Triumph of Ferocity: This was another card that I overlooked at first, but it's the closest thing to Phyrexian Arena that the Peasant format has. Decks like green-based ramp won't have a hard time triggering the draw on Triumph of Ferocity, and as many writers have pointed out, even having something like a Wall of Roots or an Arbor Elf on an otherwise empty board will draw a card, so most ramp decks will be able to get a few cards from it. The main question is how many cards it'll draw on average in a game -- if it'll end up drawing more cards than something like Harmonize or even Krosan Tusker -- and that is difficult to say. Triumph may end up being a card that is too inconsistent for any cube as it's a poor topdeck and may have an overall weaker effect than a similarly costed draw effect. Much like Elgaud Shieldmate in Peasant cubes, though, it's something that's something to keep an eye on!
Angel's Tomb: Like Kruin Striker, I really want this card to be good as a 3/3 flier for three mana, but unfortunately and unlike the Striker, it's reliant on having creatures come into play to attack. As we've learned through creatures like Mogg Conscripts and Goblin Cohort, although the optimal start for aggressive decks is curving into creatures to help power these creatures out, it doesn't always happen. An upside of it not being a creature during the opponent's turn is that it gets around sorcery speed removal, but there isn't much sorcery-speed mass-removal in Pauper and Peasant aside from the "red wraths" in Peasant like Breath of Darigaaz, Sulfurous Blast, and Whipflare. In that way, it emulates the underrated Chimeric Idol, but the strength of that card was being extremely good after mass removal.

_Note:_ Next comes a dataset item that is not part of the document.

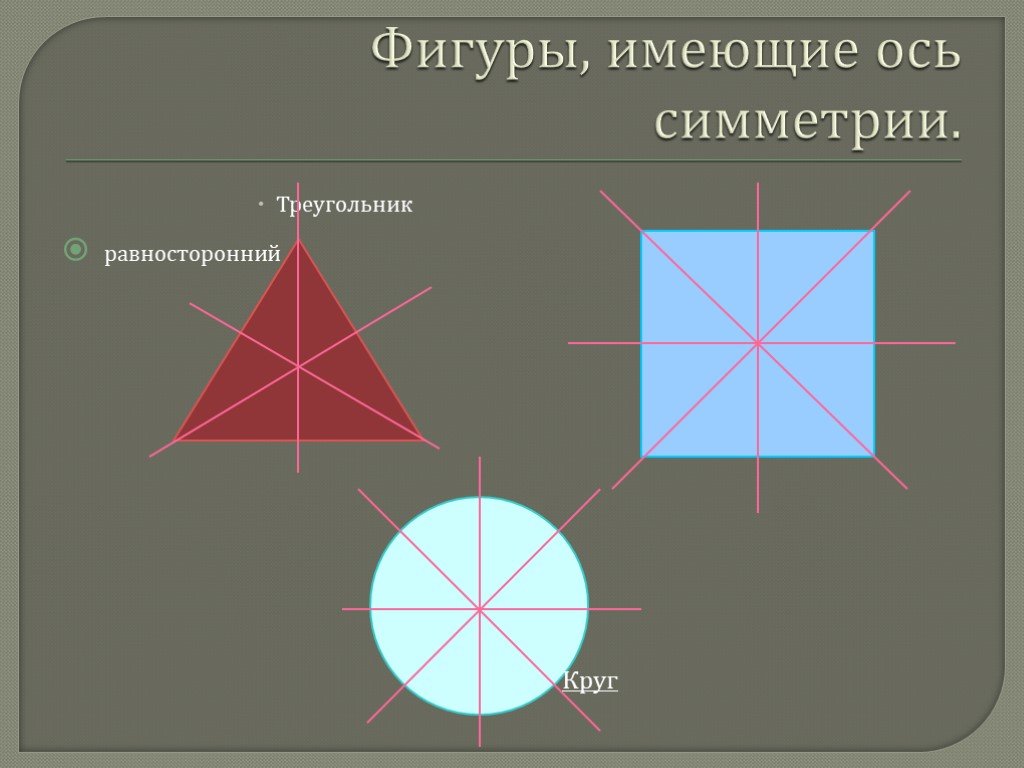 У равностороннего треугольника три оси симметрии. Фигуры имеющие ось симметрии. Фигуры обладающие осевой симметрией. Фигуры не имеющие осей симметрии. Фигуры которые имеют ось симметрии.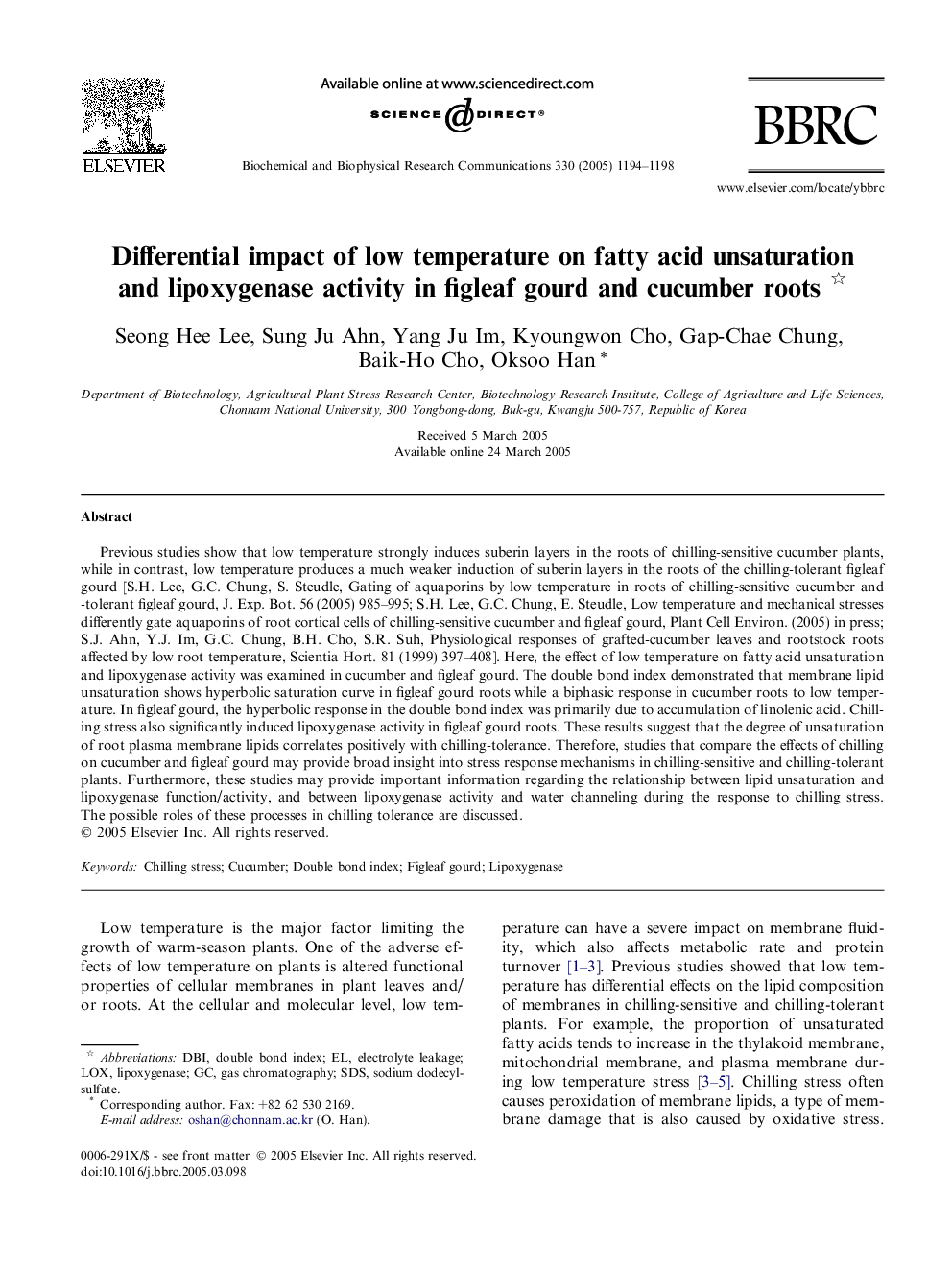 Differential impact of low temperature on fatty acid unsaturation and lipoxygenase activity in figleaf gourd and cucumber roots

Angel's Tomb just isn't.
Vessel of Endless Rest: Finally, the Vessel is an interesting option for Peasant cubes; I've never been a fan of narrow graveyard hosers that have no value against so many decks, but the Vessel is color-fixing with incidental graveyard hate. It's worth considering if your Peasant cube de-emphasizes color-fixing as part of green's identity.
You may have noticed that the last section was pretty short, but unfortunately, a lot of the artifacts don't really do very much for the format, with most being suboptimal tribal support (Scroll of Avacyn and Scroll of Griselbrand), overcosted equipment (Tormentor's Trident), or suboptimal artifact creatures (Narstad Scrapper and Haunted Guardian). Granted, artifact sections in Peasant are pretty tight already and while Pauper artifact sections got a huge boost from Scars of Mirrodin block, there haven't been a ton of good artifacts for the format since. But hey, the rest of the sections for Pauper and Peasant cubes look like they got some nice tools to use!
I hope that you've enjoyed this look at Avacyn Restored for cube and that it's given you some options for your pauper and peasant cubes.
May all of your opening packs contain Sol Rings!